Il faut suffisamment de protéines pour préserver la mobilité du sujet âgé

Les besoins quotidiens en protéines déterminés en fonction du poids varient en fonction de l’âge, du sexe et de l’activité musculaire. Ils sont estimés à 0,8-0,9 g/kg/jour – soit environ 9 à 12 % de la ration calorique journalière totale-, selon les recommandations officielles qui concernent d’abord et avant tout le sujet jeune. Ces dernières reposent d’ailleurs sur des études à court terme réalisées dans les tranches d’âge plutôt basses et font appel au bilan azoté qui évalue l’équilibre entre les besoins et les apports en protéines. Il s’avère que, chez le sujet âgé, les recommandations doivent être adaptées pour limiter la fonte musculaire et préserver des performances physiques optimales, en sachant que la consommation de protéines est souvent boudée avec l’avancée en âge.

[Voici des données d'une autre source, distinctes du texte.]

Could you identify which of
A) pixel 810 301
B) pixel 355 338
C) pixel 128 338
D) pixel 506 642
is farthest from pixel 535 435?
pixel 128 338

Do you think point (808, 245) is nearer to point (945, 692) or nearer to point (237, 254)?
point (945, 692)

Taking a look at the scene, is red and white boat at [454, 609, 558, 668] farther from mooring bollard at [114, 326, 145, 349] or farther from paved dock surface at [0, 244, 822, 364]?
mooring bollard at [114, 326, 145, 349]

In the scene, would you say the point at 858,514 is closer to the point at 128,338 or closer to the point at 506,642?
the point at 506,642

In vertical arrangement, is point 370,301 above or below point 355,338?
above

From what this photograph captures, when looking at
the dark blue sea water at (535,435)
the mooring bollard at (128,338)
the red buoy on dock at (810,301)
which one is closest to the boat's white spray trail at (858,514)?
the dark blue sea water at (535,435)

Les conséquences d’un apport protéique insuffisant ont été évaluées dans le cadre de l’étude de cohorte prospective Health ABC qui se déroule à Memphis (Tennessee) et Pittsburgh (Pennsylvanie). Une de ses particularités est l’inclusion de sujets âgés de 70 à 79 ans, au nombre de 1 998, vivant tous au sein de la communauté. Au cours d’un suivi de 6 années, une relation a été recherchée entre les apports protéiques et l’apparition d’une limitation des capacités physiques, celles-ci étant indemnes à l’état basal.

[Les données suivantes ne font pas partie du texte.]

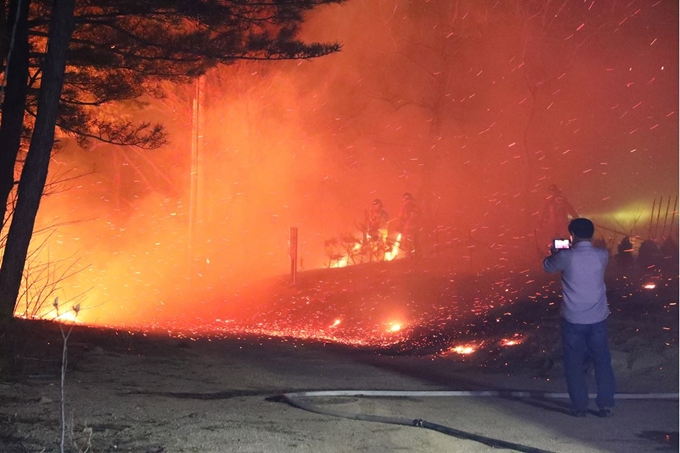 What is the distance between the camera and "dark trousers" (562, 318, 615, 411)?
6242mm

Pouvoir marcher un quart de mile ou gravir un escalier de dix marches

L’apport en protéines (g/kg de poids corporel/jour) a été calculé à l’état basal à partir d'un questionnaire de fréquence alimentaire, comportant 108 items. La limitation de la mobilité, pour sa part, a été évaluée semestriellement à partir d’informations fournies par les participants, en l’occurrence, concernant des difficultés rencontrées pour parcourir 402 mètres (un quart de mile) ou gravir dix marches d’escalier. Cette limitation, pour être considérée comme significative, devait avoir été constatée lors de deux contacts semestriels consécutifs. L’association entre les deux variables ainsi définies a été évaluée au moyen d’une analyse multivariée selon la méthode des risques proportionnels de Cox, avec ajustement en fonction des données démographique, des facteurs comportementaux, des maladies chroniques éventuelles, des apports énergétiques totaux et de la taille.

Au moins 1g/kg/jour

L'apport protéique moyen a été estimé à  0,91 ± 0,38 g /kg de poids corporel/jour et, dans 43 % des cas, les valeurs déclarées étaient inférieures à celles définies dans les recommandations (< 0,8 g/kg/j). Au cours des 6 années de suivi, chez 705 participants (35,3 %) une limitation significative de la mobilité s’est installée. La consommation de protéines a été répartie en tertiles. Par rapport au tertile supérieur  (≥ 1,0 g/kg/j), les tertiles inférieurs ont été associés à un risque plus élevé de limitation de la mobilité : (1) < 0,7 g/kg/j : risk ratio (RR) = 1,86 (IC95 %, 1,41-2,44) : (2) 0,7-1 g/kg/j : RR=1,49  (IC, 1,20-1,84).

Cette étude de cohorte prospective suggère qu’une consommation insuffisante de protéine peut favoriser la limitation de la mobilité qui guette le sujet âgé, vivant au sein de la communauté. Dans la tranche d’âge explorée (70-79 ans), les apports protéiques doivent être  ≥ 1,0 g /kg/j pour s’opposer au déclin des performances physiques. Il importe d’encourager la consommation de protéines, lesquelles sont volontiers délaissées au fur et à mesure que l’âge avance.

Dr Philippe Tellier

Références
Houston DK et coll. : Protein Intake and Mobility Limitation in Community-Dwelling Older Adults: the Health ABC Study. J Am Geriatr Soc., 2017; 65: 1705-1711.